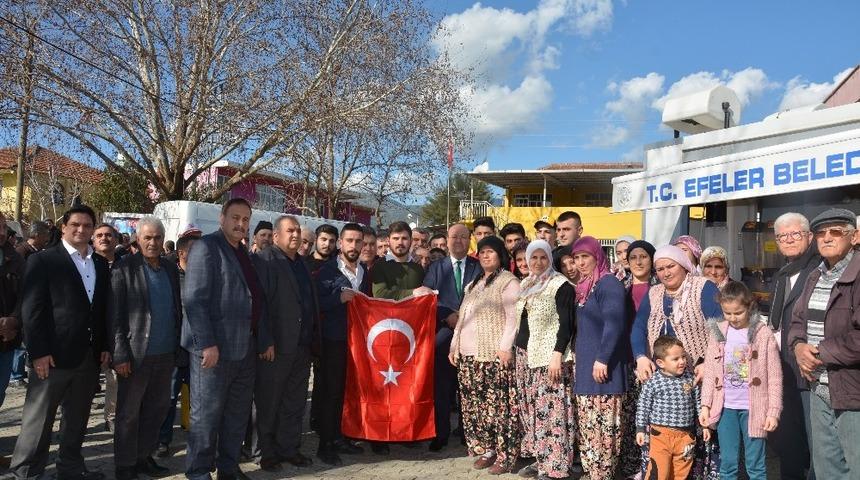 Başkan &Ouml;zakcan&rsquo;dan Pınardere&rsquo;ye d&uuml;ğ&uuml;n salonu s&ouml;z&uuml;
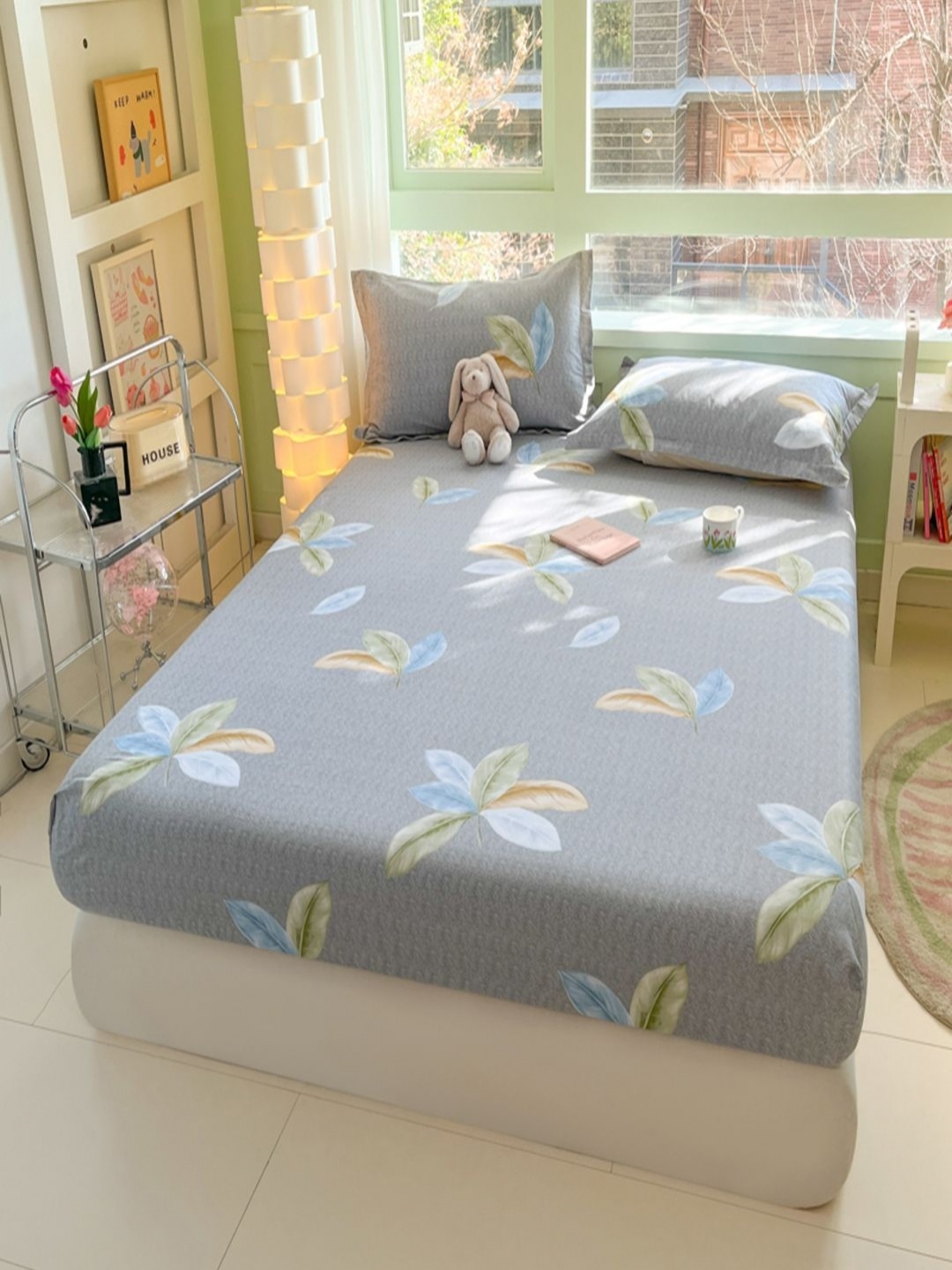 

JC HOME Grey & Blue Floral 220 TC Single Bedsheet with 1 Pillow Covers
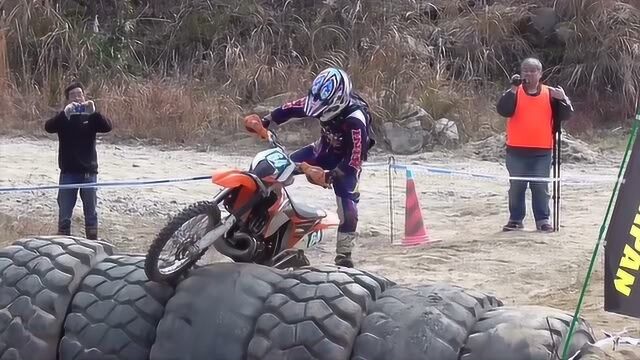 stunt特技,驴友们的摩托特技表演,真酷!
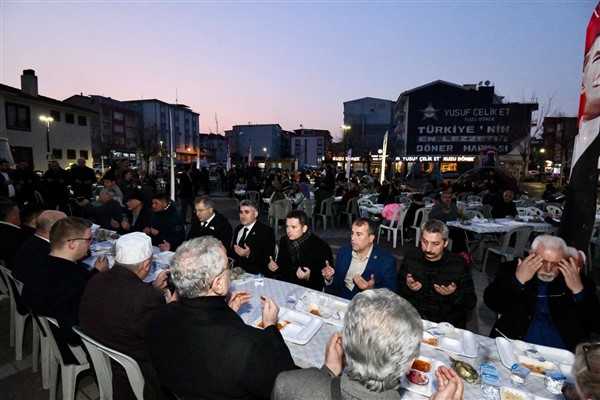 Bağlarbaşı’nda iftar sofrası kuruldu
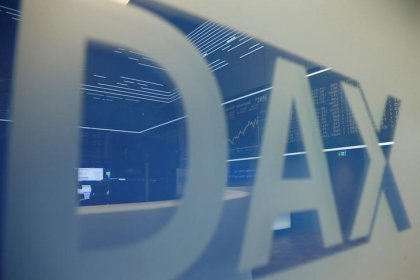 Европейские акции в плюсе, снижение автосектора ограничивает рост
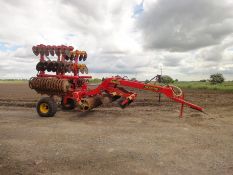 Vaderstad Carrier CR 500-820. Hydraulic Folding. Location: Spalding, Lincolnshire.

══════════

# Task statement
Nothing but the lines from the line with "Bağlarbaşı’nda iftar sofrası kuruldu" through the last line of the data above should be printed, exactly as written and without pictures.

# Expected answer
 Bağlarbaşı’nda iftar sofrası kuruldu
 Европейские акции в плюсе, снижение автосектора ограничивает рост
 Vaderstad Carrier CR 500-820. Hydraulic Folding. Location: Spalding, Lincolnshire.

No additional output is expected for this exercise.